Pourquoi avoir choisi Metz en janvier dernier ?C’est le club qui m’a le plus plu, qui est venu vers moi, qui m’a mis en confiance. C’est un club avec une belle histoire. Quand je suis arrivé, j’ai vu les installations, le centre d’entraînement tout neuf, le stade… Les gens qui travaillent ici sont exceptionnels, tout le monde a le sourire. C’est un club familial, et moi, c’est ce qu’il me faut. Et puis, c’est la Ligue 1, l’élite du football français. C’était mon rêve, et j’ai la chance d’enchaîner les matchs dans ce championnat.

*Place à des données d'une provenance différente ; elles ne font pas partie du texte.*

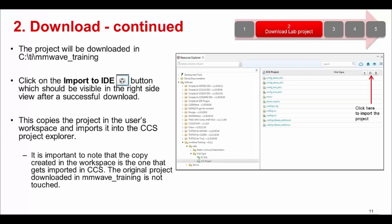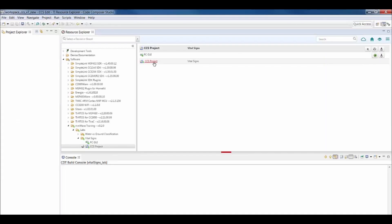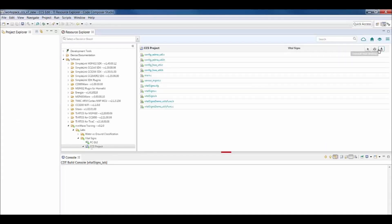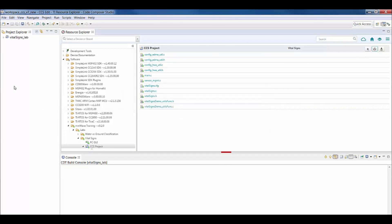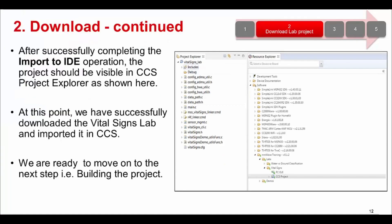The project would be downloaded in C:/TI/mmWave_training. Click on the CCS project and the Import to IDE button should be visible on the right side view. Click on this and it would copy the project into the user's workspace and import it into the CCS project explorer. The project should now be visible in the CCS project explorer. At this point, we have successfully downloaded the VitalScienceLab and imported it in CCS.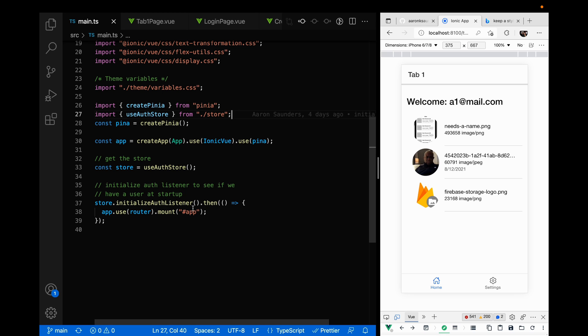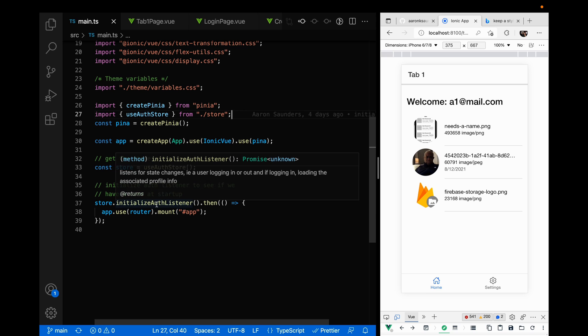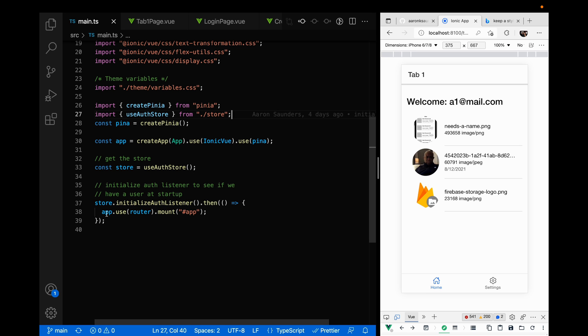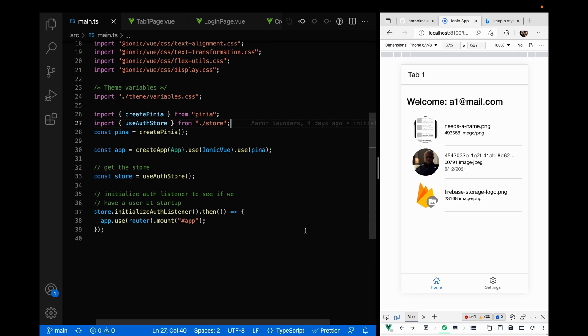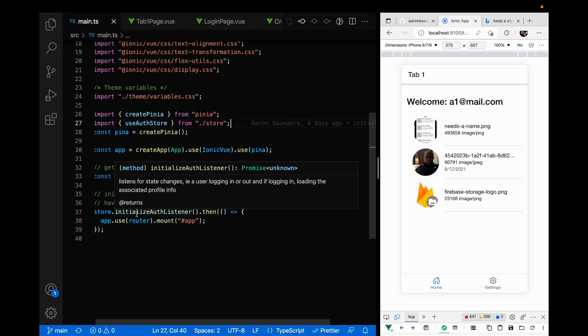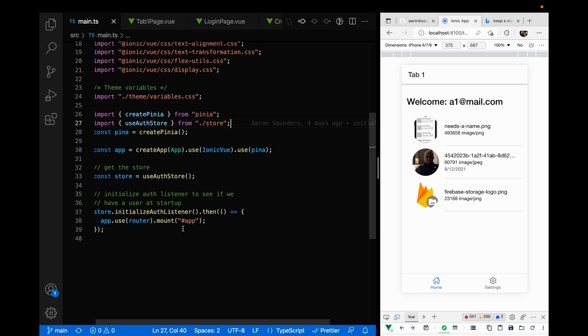We get access to the store because for those unfamiliar with Firebase, there's the ability to listen for auth state changes. At startup, this method checks to see if there's a user before we actually try to render a route, so we know the appropriate route to render. We render the login route if there's no user, and we render the home page if there is a user. We're just trying to set up the store appropriately before rendering anything.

Tu as l’air d’être un élément précieux dans le vestiaire. C’est quoi le secret pour se mettre tout le monde dans la poche ?J’essaie juste d’être moi-même, de sourire, de positiver, d’apporter de bonnes ondes. Quand ça marche, c’est top. Mais l’adaptation est aussi plus facile quand tu arrives dans un club où les gens ne se la pètent pas, et c’est ce que j’ai trouvé ici à Metz.
C’est vrai que tu n’aimes pas trop prendre l’avion ?Ouais, j’ai un peu peur… Quand ça bouge, je serre un peu les fesses sur mon siège. Mais avec tous les vols que j’ai pris avec la sélection, ça commence à passer.